> Exercise directions: Copy every line of the entries that has the string "Women" in it.

> Dataset extract:

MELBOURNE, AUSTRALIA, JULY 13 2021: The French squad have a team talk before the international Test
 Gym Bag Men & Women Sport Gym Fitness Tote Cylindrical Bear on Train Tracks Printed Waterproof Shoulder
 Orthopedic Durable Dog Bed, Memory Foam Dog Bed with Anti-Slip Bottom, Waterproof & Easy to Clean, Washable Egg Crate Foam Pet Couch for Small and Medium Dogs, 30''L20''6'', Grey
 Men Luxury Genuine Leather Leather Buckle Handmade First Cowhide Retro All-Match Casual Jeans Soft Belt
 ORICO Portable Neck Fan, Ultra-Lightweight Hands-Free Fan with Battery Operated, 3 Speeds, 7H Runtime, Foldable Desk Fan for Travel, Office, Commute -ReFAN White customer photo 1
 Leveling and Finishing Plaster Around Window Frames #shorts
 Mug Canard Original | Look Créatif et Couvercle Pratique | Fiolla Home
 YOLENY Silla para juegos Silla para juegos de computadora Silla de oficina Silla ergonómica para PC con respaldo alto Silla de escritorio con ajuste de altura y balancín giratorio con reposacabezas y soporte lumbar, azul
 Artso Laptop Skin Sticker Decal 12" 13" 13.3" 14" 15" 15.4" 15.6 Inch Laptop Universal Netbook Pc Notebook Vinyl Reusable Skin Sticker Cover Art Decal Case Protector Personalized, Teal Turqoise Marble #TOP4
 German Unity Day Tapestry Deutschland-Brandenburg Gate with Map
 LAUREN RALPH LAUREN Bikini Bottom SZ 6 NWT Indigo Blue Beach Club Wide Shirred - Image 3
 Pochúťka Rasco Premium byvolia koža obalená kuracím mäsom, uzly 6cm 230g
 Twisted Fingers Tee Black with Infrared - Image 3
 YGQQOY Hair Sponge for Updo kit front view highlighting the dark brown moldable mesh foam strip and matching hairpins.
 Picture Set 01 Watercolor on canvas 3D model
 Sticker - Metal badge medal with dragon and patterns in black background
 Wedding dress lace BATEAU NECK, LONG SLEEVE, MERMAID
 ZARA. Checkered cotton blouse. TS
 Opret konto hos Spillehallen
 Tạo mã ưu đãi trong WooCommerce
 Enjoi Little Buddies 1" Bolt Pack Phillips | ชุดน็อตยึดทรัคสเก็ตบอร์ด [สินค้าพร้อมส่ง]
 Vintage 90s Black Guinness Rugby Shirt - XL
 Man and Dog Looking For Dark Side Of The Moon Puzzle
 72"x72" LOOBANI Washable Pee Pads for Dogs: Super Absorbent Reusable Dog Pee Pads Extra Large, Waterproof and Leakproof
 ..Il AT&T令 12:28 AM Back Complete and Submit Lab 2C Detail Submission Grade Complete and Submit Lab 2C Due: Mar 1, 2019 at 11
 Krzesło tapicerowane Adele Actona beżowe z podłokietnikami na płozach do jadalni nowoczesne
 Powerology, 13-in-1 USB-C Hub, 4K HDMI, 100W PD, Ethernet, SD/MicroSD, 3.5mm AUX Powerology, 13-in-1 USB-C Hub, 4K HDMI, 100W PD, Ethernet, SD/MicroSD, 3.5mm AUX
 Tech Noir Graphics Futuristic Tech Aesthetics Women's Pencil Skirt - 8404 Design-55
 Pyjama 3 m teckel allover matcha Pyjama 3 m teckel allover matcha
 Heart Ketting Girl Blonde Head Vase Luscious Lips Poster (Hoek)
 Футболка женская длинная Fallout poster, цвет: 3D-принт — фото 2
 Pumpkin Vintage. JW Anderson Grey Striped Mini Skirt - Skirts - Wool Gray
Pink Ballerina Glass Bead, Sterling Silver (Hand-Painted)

> Reply:
 Gym Bag Men & Women Sport Gym Fitness Tote Cylindrical Bear on Train Tracks Printed Waterproof Shoulder
 Tech Noir Graphics Futuristic Tech Aesthetics Women's Pencil Skirt - 8404 Design-55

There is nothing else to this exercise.